- _Data_:

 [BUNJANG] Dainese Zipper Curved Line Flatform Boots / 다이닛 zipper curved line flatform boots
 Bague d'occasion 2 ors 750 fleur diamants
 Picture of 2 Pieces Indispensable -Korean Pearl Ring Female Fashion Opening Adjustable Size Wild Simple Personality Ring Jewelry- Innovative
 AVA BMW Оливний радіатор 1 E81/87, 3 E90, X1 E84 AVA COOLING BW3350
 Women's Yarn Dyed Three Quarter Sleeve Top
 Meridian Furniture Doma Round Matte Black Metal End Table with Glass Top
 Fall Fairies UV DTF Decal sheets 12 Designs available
==
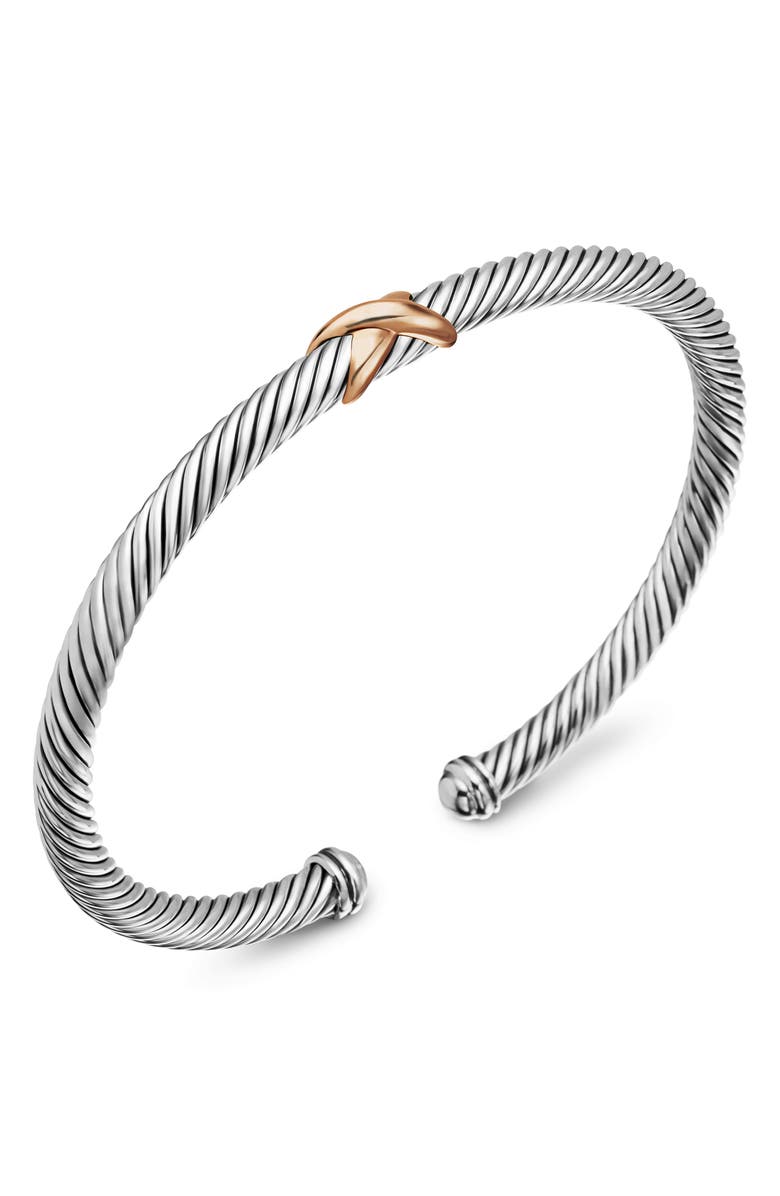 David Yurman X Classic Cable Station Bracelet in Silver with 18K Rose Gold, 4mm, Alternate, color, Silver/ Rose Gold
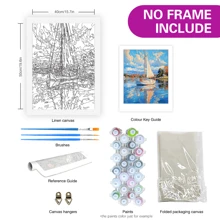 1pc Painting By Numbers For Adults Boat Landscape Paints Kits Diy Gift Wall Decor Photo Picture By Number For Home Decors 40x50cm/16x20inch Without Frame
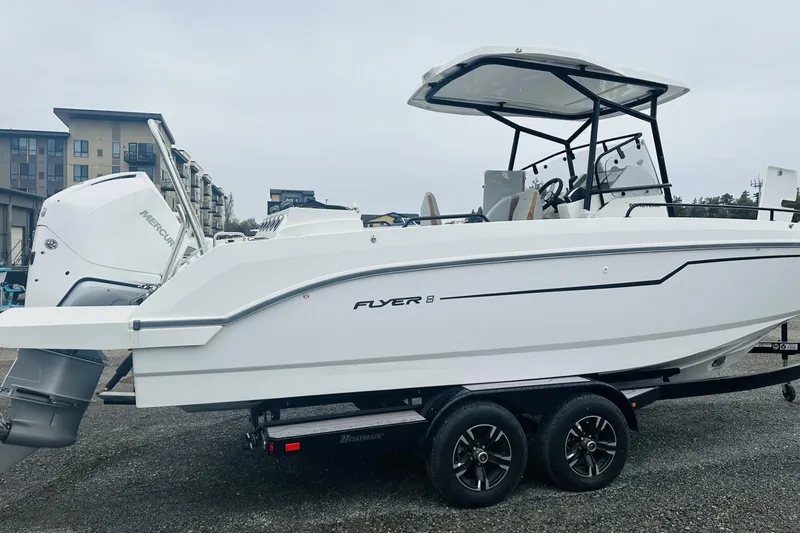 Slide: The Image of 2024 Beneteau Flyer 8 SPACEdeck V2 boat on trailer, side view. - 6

- _Goal of the exercise_: From the line that has "Bague d'occasion 2 ors 750 fleur diamants" through the line that has "AVA BMW Оливний", copy every line exactly as it appears above, and leave out all others.

- _Written answer_:
 Bague d'occasion 2 ors 750 fleur diamants
 Picture of 2 Pieces Indispensable -Korean Pearl Ring Female Fashion Opening Adjustable Size Wild Simple Personality Ring Jewelry- Innovative
 AVA BMW Оливний радіатор 1 E81/87, 3 E90, X1 E84 AVA COOLING BW3350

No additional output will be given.